Below, your SQL script, showing CPU use on same interval (CPU_ORA consistent with CPU Usage Per Sec above):
BEGIN_TIME END_TIME CPU_TOTAL CPU_OS CPU_ORA CPU_ORA_WAIT
————— ————— ———- ———- ———- ————
20141030-195656 20141030-195756 2.752 2.282 .467 .003
COMMIT READIO WAIT
———- ———- ———-
.005 1.214 3.015
And when I compute foreground CPU and wait events times :
46.730025/100 + (18006.1179+32.748+20.817+7294.5065)/6007 = 4.68807
while AAS = 4.66699111
Hi Kyle,
I thought I’d give you a final update on what we said last week.
I’ve compared both AAS values (directly computed by Oracle from DB Time vs count of active sessions in ASH upon same time range) and the latter actually have a worse precision. Plus, an increase in database load surprisingly worsens precision of this ASH-computed AAS value (see numbers below).

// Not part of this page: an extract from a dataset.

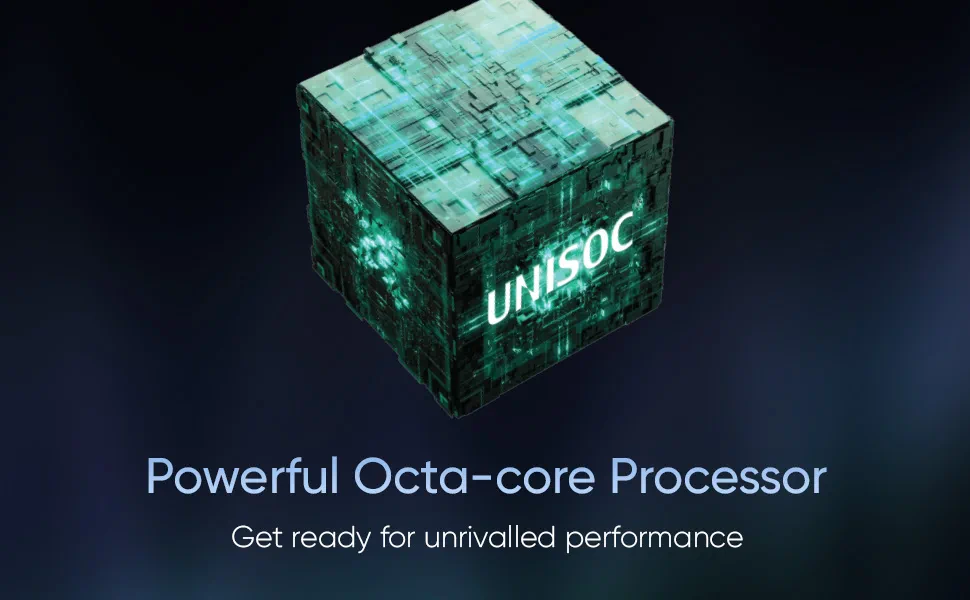 Realme narzo 50i prime powerful octa core Processor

To be exhaustive, I compute AAS from ASH by adding (on same minute as v$metric) :
– number of sessions of type ‘FOREGROUND’, in state ‘WAITING’ and with wait_class different from ‘Idle’ (there should be none with that wait_class in ASH anyway)
– number of sessions of type ‘FOREGROUND’, in state ‘ON CPU’
## light DB load :
Oracle AAS = 3.05060185
ASH-computed AAS = 3
FG CPU + FG waits = 3.08344
## with a bit more load :
Oracle AAS = 7.5191588
ASH-computed AAS = 9.43116
FG CPU + FG waits = 7.60034
Well, to sum this up, I guess I’ll stick to my previous way of doing things and try to deal with measurements deviations.
—————————————-
Coming back to the topic of this blog post (finally!), I’ve also worked on the subject of “Wait for CPU” time and I have one question : ASH takes a snapshot of active sessions once a second, but does it means that an ‘ON CPU’ session at sample time, was actually ‘ON CPU’ the whole time since last sample ?
Hi Eric,
Thanks for the data. I’m curious why you think AAS from ASH is worse precision than AAS from counters. I would say that AAS from ASH is likely to be more accurate than AAS from counters specifically, as I mentioned before, because ASH includes wait for CPU where as statistical counters do not. Thus an AAS of 9 during load IMO is a more likely description of load than the AAS from FG CPU + FG waits. Also the AAS from ASH will include BG unless you specifically filter them out. I may not care about BG waits in the first pass, but I do care about BG CPU uses and BG wait for CPU.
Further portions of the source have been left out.